A son tour, la réalisatrice Aurélia Georges embarque son spectateur dans un passionnant récit sur l’identité volée, où la survie en temps de guerre et le désir d’élévation sociale mènent à une machination. A l’heure ou la Grande Guerre décime la jeunesse française, Nélie (Lyna Khoudri), fille de lingère, est enrôlée comme infirmière sur le front de l’Est. Elle y fait la connaissance de Rose (Maud Wyler), promise à un avenir plus radieux que le sien. Dans le trouble des événements, Nélie est engagée auprès de madame de Lengwil (Sabine Azéma)… et répond désormais au nom de Rose.
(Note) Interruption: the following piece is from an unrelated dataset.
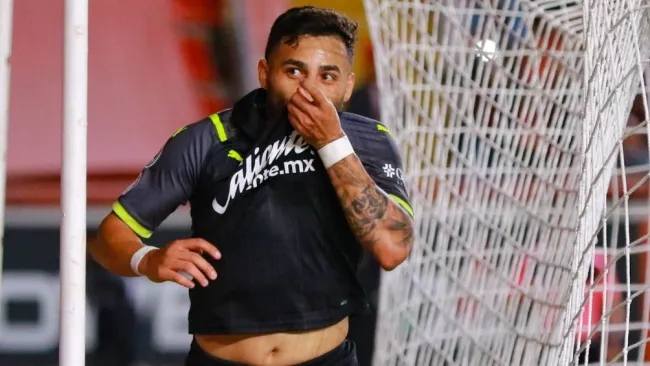 Vega festejando su gol contra Necaxa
La Place d’une autre a l’intelligence de porter un regard social et féminin sur ses protagonistes, celui incarné par Lyna Khoudry – stupéfiante – en particulier : c’est bien pour s’extirper de sa condition que la déterminée jeune femme s’invente une identité nouvelle, à l’heure où l’ascenseur social est impossible. Outre la jeune actrice qui incarne magistralement son rôle – son impassibilité et sa voix détonnent avec la douceur de son visage -, La Place d’une autre donne l’occasion de retrouver Sabine Azéma, en veuve issue d’une haute caste , et le toujours parfait et trop rare Laurent Poitrenaux.
Si la mise en scène, soignée et sobre, d’Aurélia Georges prend le parti du classicisme, son scénario hésite entre le drame social et le thriller gothique. Pourquoi pas? Le rythme et le talent des comédiens emmènent les spectateurs dans un film passionnant tiré de The New Magdalen de Wilkie Collins.
Portée par Lyna Khoudri, la scène de la révélation finale est poignante.